Petitioners contend that the student is homeless within the meaning of McKinney-Vento because the family “is sharing the housing of other persons due to loss of housing, economic hardship or a similar reason.”  For relief, petitioners seek a determination that the student is homeless and, thus, entitled to attend respondent’s district schools without payment of tuition and to receive transportation.

Respondent argues that petitioners have failed to establish that the student is entitled to attend the district’s schools as a homeless student.

The appeal must be dismissed as moot.  The Commissioner will only decide matters in actual controversy and will not render a decision on a state of facts which no longer exist or which subsequent events have laid to rest (Appeal of Sutton, 57 Ed Dept Rep, Decision No. 17,331; Appeal of a Student with a Disability, 48 id. 532, Decision No. 15,940; Appeal of M.M., 48 id. 527, Decision No. 15,937).

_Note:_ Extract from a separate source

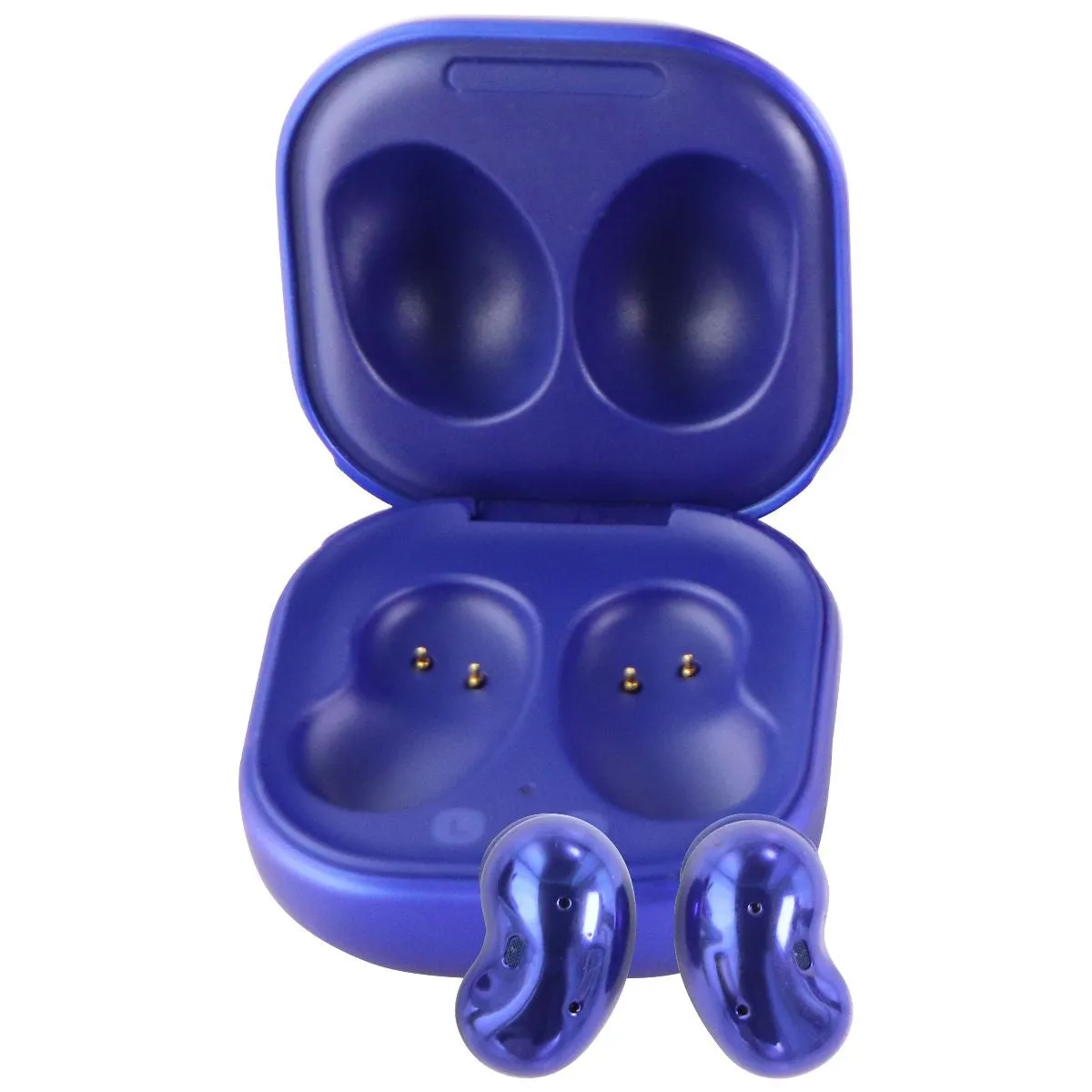 Samsung Galaxy Buds Live True Wireless EarBud Headphones - Mystic Blue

Following submission of the parties’ pleadings, respondent filed with my Office of Counsel and served upon petitioners a supplemental affidavit from its superintendent asserting that the appeal is now moot because petitioners have withdrawn the student from the district.  In this supplemental affidavit, which I have accepted into the record (see 8 NYCRR §276.5[b]), the superintendent asserts that, on or about January 17, 2020, he “became aware” that petitioners were withdrawing the student from respondent’s district and enrolling him in Salmon River Central School District (“Salmon River”).  On that date, respondent requested that the student’s records be transferred to Salmon River.  Moreover, during a January 21, 2020 telephone call with Salmon River’s assistant superintendent for curriculum and instruction, the superintendent indicates that he obtained confirmation that the student was, in fact, enrolled in Salmon River.  Thus, although the student was entitled to attend respondent’s schools during the pendency of this appeal under the automatic stay provisions of McKinney-Vento (42 USC §11432[g][3][E][i]) and State law (Education Law §3209[5][c]), petitioners chose to enroll the student in Salmon River as a resident student.  In light of this information, I find that petitioners’ request to have the student attend respondent’s schools as a homeless student has been rendered moot (Appeal of K.P., 58 Ed Dept Rep, Decision No. 17,661; Appeal of A.L., 56 id., Decision No. 17,072; Appeal of K.S., 51 id., Decision No. 16,319).

Although the appeal must be dismissed as moot, petitioners retain the right to reapply for admission to respondent’s schools on the student’s behalf at any time should their circumstances change, and to submit any documentary evidence for respondent’s consideration.